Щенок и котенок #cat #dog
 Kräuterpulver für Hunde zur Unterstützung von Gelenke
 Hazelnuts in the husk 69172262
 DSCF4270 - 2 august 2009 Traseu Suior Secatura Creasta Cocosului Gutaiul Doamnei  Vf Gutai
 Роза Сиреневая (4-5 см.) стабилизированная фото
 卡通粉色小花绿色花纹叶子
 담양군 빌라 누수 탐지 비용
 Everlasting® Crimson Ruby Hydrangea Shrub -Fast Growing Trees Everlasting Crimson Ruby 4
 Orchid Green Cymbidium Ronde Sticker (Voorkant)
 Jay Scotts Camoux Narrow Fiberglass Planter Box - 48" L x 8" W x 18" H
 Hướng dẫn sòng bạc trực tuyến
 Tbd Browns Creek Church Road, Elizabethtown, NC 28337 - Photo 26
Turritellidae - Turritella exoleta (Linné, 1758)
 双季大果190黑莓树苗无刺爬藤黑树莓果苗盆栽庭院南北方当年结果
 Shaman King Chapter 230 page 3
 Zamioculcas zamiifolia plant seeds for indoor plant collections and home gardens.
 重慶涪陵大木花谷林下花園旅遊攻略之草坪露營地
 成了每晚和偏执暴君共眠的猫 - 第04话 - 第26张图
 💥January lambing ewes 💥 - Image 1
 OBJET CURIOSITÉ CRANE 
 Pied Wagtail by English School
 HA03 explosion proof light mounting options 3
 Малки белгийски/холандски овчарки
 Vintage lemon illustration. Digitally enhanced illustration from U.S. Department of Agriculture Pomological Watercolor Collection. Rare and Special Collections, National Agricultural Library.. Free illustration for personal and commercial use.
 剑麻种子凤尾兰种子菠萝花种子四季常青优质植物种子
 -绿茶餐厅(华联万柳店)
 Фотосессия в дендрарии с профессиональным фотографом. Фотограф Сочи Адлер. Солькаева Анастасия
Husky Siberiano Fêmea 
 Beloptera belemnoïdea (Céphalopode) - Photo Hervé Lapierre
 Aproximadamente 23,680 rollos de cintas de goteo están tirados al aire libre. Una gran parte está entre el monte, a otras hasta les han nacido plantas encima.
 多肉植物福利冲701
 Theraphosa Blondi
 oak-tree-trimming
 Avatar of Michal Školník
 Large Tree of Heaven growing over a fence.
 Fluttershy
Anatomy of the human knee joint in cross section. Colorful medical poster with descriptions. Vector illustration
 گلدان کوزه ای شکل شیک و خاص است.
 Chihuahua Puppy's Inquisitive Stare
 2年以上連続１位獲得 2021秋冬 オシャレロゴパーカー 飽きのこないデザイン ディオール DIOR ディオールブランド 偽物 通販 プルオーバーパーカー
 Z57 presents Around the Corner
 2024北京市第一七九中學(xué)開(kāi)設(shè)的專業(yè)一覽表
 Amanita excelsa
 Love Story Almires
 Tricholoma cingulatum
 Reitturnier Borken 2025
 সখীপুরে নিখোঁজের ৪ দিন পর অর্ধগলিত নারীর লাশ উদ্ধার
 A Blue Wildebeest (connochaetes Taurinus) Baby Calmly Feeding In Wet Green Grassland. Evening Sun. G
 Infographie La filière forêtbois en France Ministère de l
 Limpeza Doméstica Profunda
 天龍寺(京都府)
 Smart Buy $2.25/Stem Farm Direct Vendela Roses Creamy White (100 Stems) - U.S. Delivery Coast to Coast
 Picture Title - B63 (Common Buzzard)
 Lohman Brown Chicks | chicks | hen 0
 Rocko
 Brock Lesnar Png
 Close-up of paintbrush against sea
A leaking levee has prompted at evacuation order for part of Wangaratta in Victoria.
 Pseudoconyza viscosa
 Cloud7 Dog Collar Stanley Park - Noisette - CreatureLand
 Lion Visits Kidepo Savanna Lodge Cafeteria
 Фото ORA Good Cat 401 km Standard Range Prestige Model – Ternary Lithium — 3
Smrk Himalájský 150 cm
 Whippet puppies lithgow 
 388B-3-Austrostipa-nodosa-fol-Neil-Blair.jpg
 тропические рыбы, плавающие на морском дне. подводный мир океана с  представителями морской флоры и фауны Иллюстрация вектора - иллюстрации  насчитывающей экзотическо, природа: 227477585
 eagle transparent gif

_ _ _ _

Only the lines from the one holding "тропические рыбы, плавающие" to the end of the material are wanted, each transcribed exactly.

RESPONSE AREA:
 тропические рыбы, плавающие на морском дне. подводный мир океана с  представителями морской флоры и фауны Иллюстрация вектора - иллюстрации  насчитывающей экзотическо, природа: 227477585
 eagle transparent gif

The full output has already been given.